▸ Assignment:
Could you return, exactly as written, every line from the one containing "Modern Queen Bed Frame – Like New" through the last line of the entries below, leaving out the pictures?

▸ Material for this task:
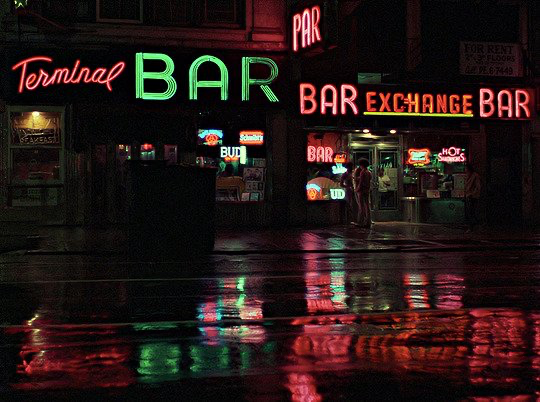 TheCinesthetic's tweet photo. Taxi Driver (1976) dir. Martin Scorsese https://t.co/2qpzbL1uNn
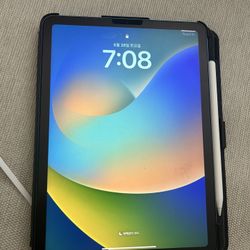 iPad Air 5th Gen w/ Apple Pencil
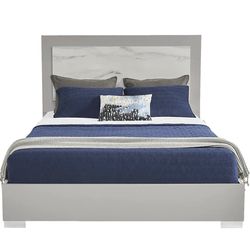 Modern Queen Bed Frame – Like New
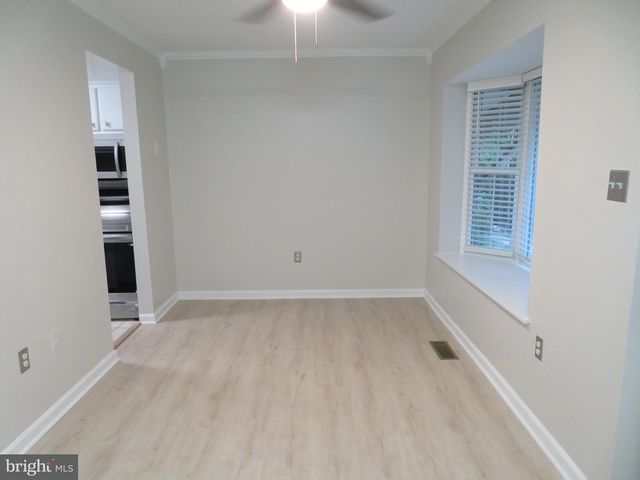 9150 LAMBSKIN LN, Columbia, MD 21045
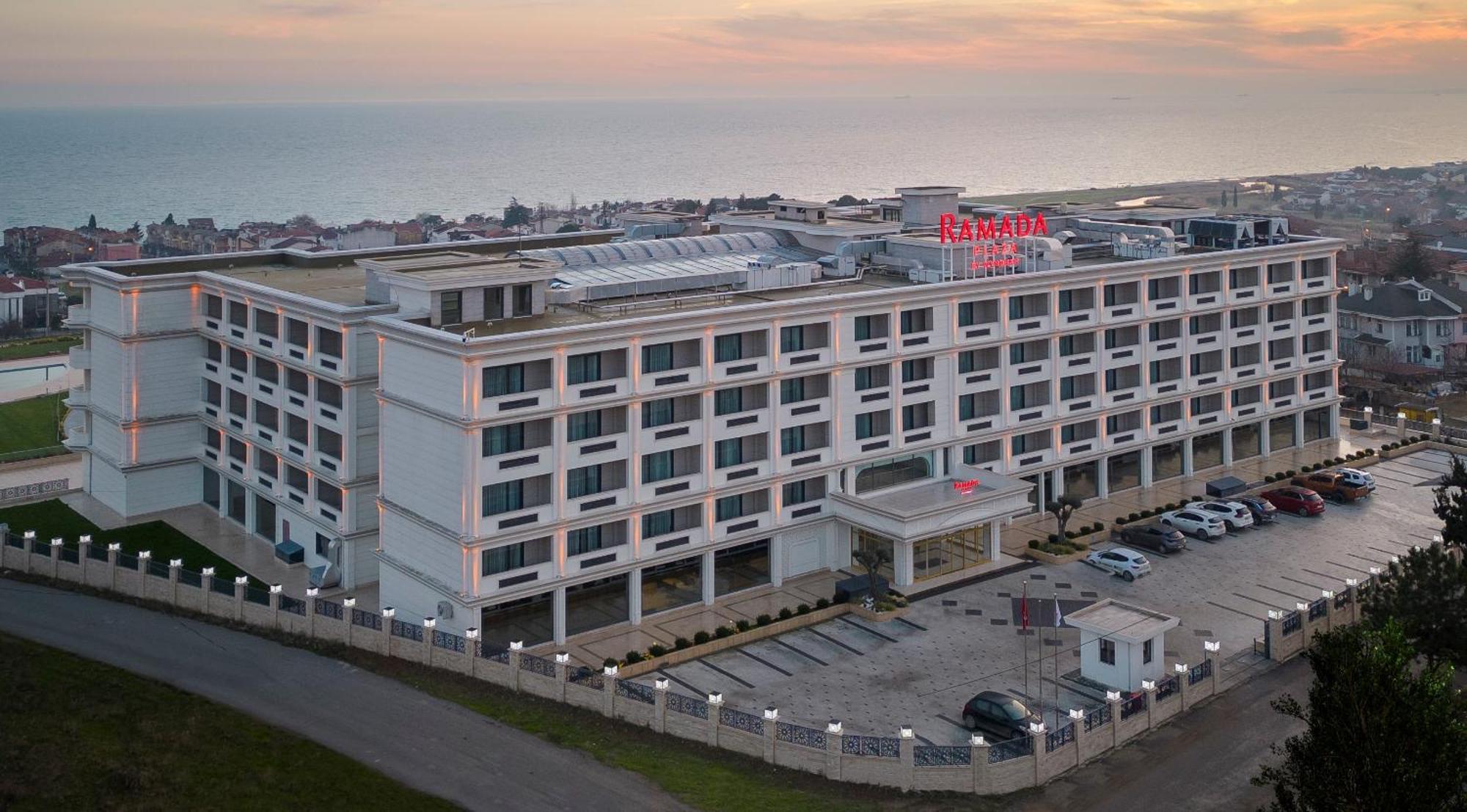 Hotel Ramada Plaza By Wyndham Silivri Zewnętrze zdjęcie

▸ Exercise solution:
 Modern Queen Bed Frame – Like New
 9150 LAMBSKIN LN, Columbia, MD 21045
 Hotel Ramada Plaza By Wyndham Silivri Zewnętrze zdjęcie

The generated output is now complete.